Больше Антона Люблинского
Выйдя из лазарета, я остановился, чтобы собраться с мыслями. Я чувствовал себя подавленным, опустошенным, глубоко несчастным. Возможно, слово «отчаяние» наиболее точно характеризует мое тогдашнее состояние. Что мне теперь делать? В каком направлении вести расследование? Если бы у меня была возможность снять с себя тяжелое бремя неблагодарной работы и вернуться к рутине лотингенского существования с женой и детьми, я был бы несказанно счастлив. Мне следует написать государю, объяснить ему свою неспособность справиться с его поручением и просить немедленно освободить меня от этих мучительных обязанностей.
Как всегда в трудные минуты, мои мысли обратились к Иммануилу Канту. Как я смогу оправдаться в его глазах? Не отвернется ли он от меня с презрением, как от жалкого труса, не способного реализовать его мудрые советы? В ушах звучала его отповедь: «Если бы не вы, Морик, Тотцы и Анна Ростова, вероятно, были бы еще живы, а Люблинский не потерял бы глаз и душу».

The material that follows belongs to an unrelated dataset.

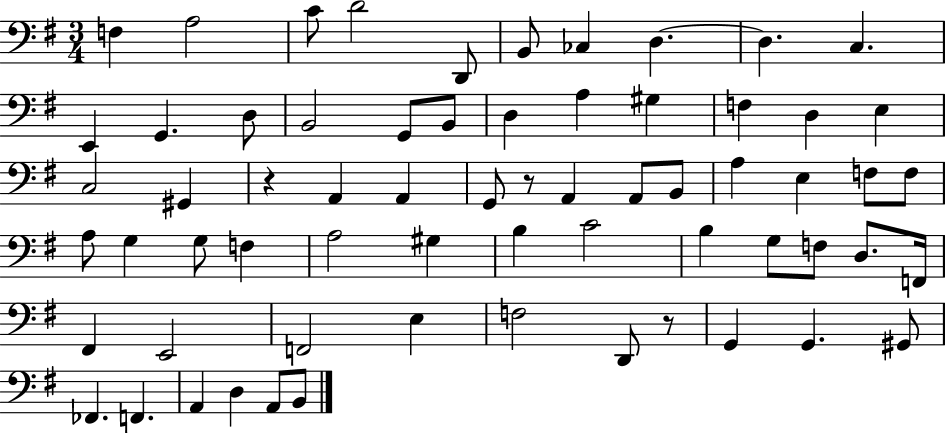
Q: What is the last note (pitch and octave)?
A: B2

— Герр Стиффениис? — внезапно прервал мои размышления чей-то голос. Рядом со мной появился жандарм. — Я вас повсюду искал, сударь, — сказал он, роясь в заплечном мешке. — Для вас депеша от сержанта Коха. И вас…
— От Коха? — прервал я его.
Я вскрыл письмо и стал читать.
«Герр Стиффениис,
я нашел того человека! Его зовут Арнольд Любатц, и он поставляет в кенигсбергские лавки шерсть, хлопок, швейные принадлежности и т. п. для домашнего использования. Герр Любатц мгновенно узнал иглу по моему описанию. „Дьявольский коготь“ употребляют для вышивки по гобеленовой шерсти!

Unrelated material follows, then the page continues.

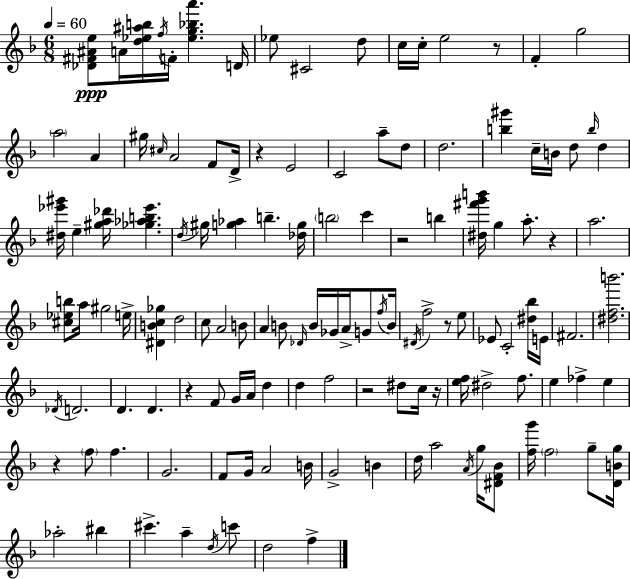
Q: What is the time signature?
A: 6/8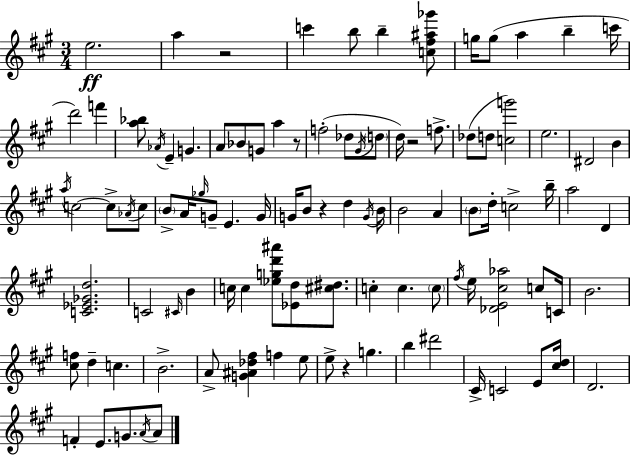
E5/h. A5/q R/h C6/q B5/e B5/q [C5,F#5,A#5,Gb6]/e G5/s G5/e A5/q B5/q C6/s D6/h F6/q [A5,Bb5]/e Ab4/s E4/q G4/q. A4/e Bb4/e G4/e A5/q R/e F5/h Db5/e G#4/s D5/e D5/s R/h F5/e. Db5/e D5/e [C5,G6]/h E5/h. D#4/h B4/q A5/s C5/h C5/e Ab4/s C5/e B4/e A4/s Gb5/s G4/e E4/q. G4/s G4/s B4/e R/q D5/q G4/s B4/s B4/h A4/q B4/e D5/s C5/h B5/s A5/h D4/q [C4,Eb4,Gb4,D5]/h. C4/h C#4/s B4/q C5/s C5/q [Eb5,G5,D6,A#6]/e [Eb4,D5]/e [C#5,D#5]/e. C5/q C5/q. C5/e F#5/s E5/s [Db4,E4,C#5,Ab5]/h C5/e C4/s B4/h. [C#5,F5]/e D5/q C5/q. B4/h. A4/e [G4,A#4,Db5,F#5]/q F5/q E5/e E5/e R/q G5/q. B5/q D#6/h C#4/s C4/h E4/e [C#5,D5]/s D4/h. F4/q E4/e. G4/e. A4/s A4/e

Я сказал ему, что мне нужны имена жителей города, пользующихся подобными инструментами, и он ответил, что у него имеется список клиентов. Он ведет поставки как частным лицам, так и магазинам. От Вашего имени и воспользовавшись Вашими полномочиями я попросил у него список.
В данный момент, не желая ни на минуту откладывать поиски, я направляюсь к нему домой и немедленно поставлю Вас в известность относительно результатов, сударь.
Я ощутил такую же радость, какую испытывает человек после долгой холодной зимы, открывающий утром окно и обнаруживающий первую хрупкую весеннюю бабочку, бьющуюся о стекло. Всего минуту назад все надежды были утрачены, и вот теперь с каждым словом этой записки они возвращались вновь. Каждая фраза ее звучала подобно военным фанфарам, зовущим меня в бой.
— Герр поверенный?
Я уже успел забыть о присутствии солдата.
— Внизу вас ждет пожилой господин. Он говорит, что его зовут Иммануил Кант.
Глава 26
Если Иммануил Кант самолично пришел в Крепость, рассуждал я, значит, случилось нечто из ряда вон выходящее, событие настолько чрезвычайное, что оно заставило его нарушить повседневную рутину. Нечто обычное для других людей, какое-нибудь непредвиденное изменение в повседневных планах для профессора Канта было настоящим катаклизмом. А если добавить к вышеперечисленному еще и густой туман, к которому он неоднократно выражал предельную неприязнь, грандиозность поступка Канта становилась еще более очевидной. Я со всех ног бросился вниз по лестнице и выскочил во двор, где в клубящемся тумане была едва различима одна-единственная человеческая фигура. Но это был совсем не тот человек, которого я ожидал увидеть.
— Извините, сударь! — воскликнул Иоганн Одум, услышав звук моих шагов. — Мне пришлось привезти его. У меня не было выбора.
— С ним все в порядке? — спросил я, вспомнив возбужденное состояние профессора сегодняшним утром и надеясь, что ему не сделалось хуже.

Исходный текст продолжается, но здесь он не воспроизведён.